I had developed basic, flexible scripts for declining invitations in the past that ensured I didn’t keep people waiting for a response, allowing them to make other plans. But those tools had their limitations. For one thing, I often wanted so badly to say yes to someone with whom I had a strong relationship, whose work aligned with my values and who represented the change I aspired to see in the world, and I wanted my answers to reflect that. What’s more, grief was changing things, prompting me—as most of us have done at any big transition in our lives, whether we’ve become a parent, lost one, navigated a pandemic and on and on—to question and re-evaluate my identity. I wanted to bring whatever this new self of mine was to the process rather than compartmentalizing my personal struggles because they didn’t seem relevant to my work.

So I made myself a new script to adapt—one that would infuse a more personal touch and affirm my connection to the individual and gratitude for their project but that would also convey my incapacity to undertake additional commitments, particularly in the context of my grieving process. Here, too, I was learning from meditation practice, specifically the principles of empathy toward others and equanimity for oneself. The same was true when I was accepting requests because I wanted people to know that I might need extra space and time to fulfill my commitments.

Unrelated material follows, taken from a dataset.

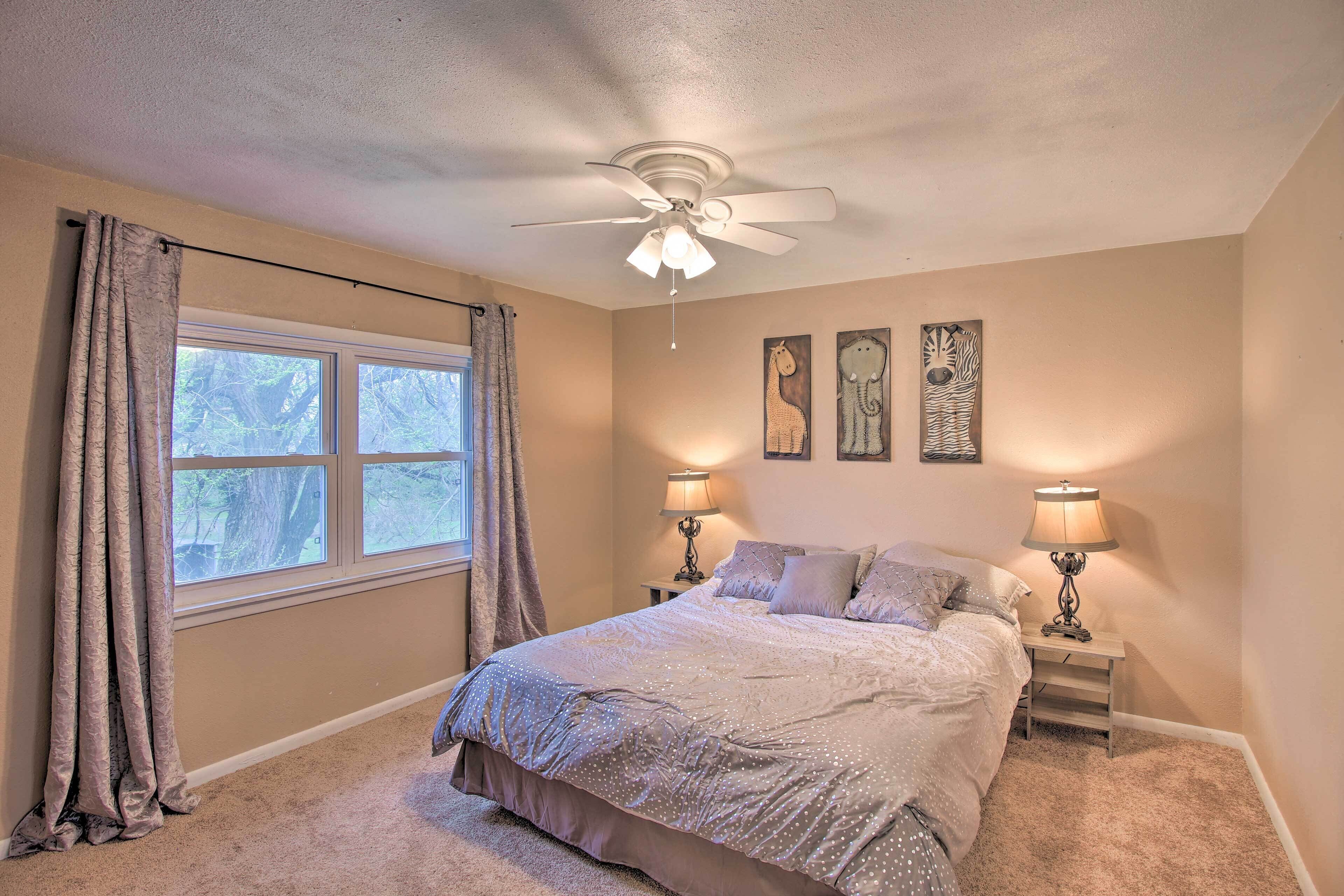 A bedroom with a bed, two bedside lamps, a ceiling fan, and a window with curtains.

In such cases, I asked people to provide any necessary materials, clear and detailed instructions, and deadlines for whatever they would need for me within a bounded lead time. I would also add something like “My current circumstances following my brother’s passing have added complexity to my schedule and energy levels as I honor my existing commitments and navigate this challenging period.”

You might be thinking, “I already communicate under what circumstances I can or cannot fulfill a request.” So, I thought, did I. But at moments when we are already stressed and challenged, an email or text asking something of us can feel insurmountable, and I’ve found it helpful to have a script to fall back on so that I don’t have to think and feel my way through the same thought process again and again. Of course, we may not want to, or need to or even find it wise to share our personal lives with everyone. But I found that at least coming up with ways to do so makes it easier to honor the relationships I have, to be gentle with myself and preserve a little more time and energy.

Some people still may not understand. Not everyone has experienced the same circumstances, and the structural challenges of a university, such as budget cuts coupled with unchanging workloads, can lead to persistent requests even after you’ve clearly communicated your boundaries and limits. And the inequity of university life plays a role, too. I hold the rank of a full professor at a major research university. Contingent faculty, already in precarious positions and typically lacking benefits like bereavement leave, invariably need a different set of strategies.

If David were still here, I realized, he would have been the first one to remind me to take it easy on myself. He’d gently say that no one can do it all and would probably encourage me to take a break, like going to a Dodger game or on some other fun outing with him. He had an unwavering commitment to ensuring my well-being, often reacting vehemently to any perceived mistreatment.

Indeed, people say that a loved one will always be with you, and I understand that differently now. My brother’s memory can help me recognize that setting boundaries is an act of self-care and that I can—and should—see myself as he saw and cared for me.

Natalia Molina is Distinguished Professor of American Studies and Ethnicity at the University of Southern California Dornsife College of Letters, Arts and Sciences.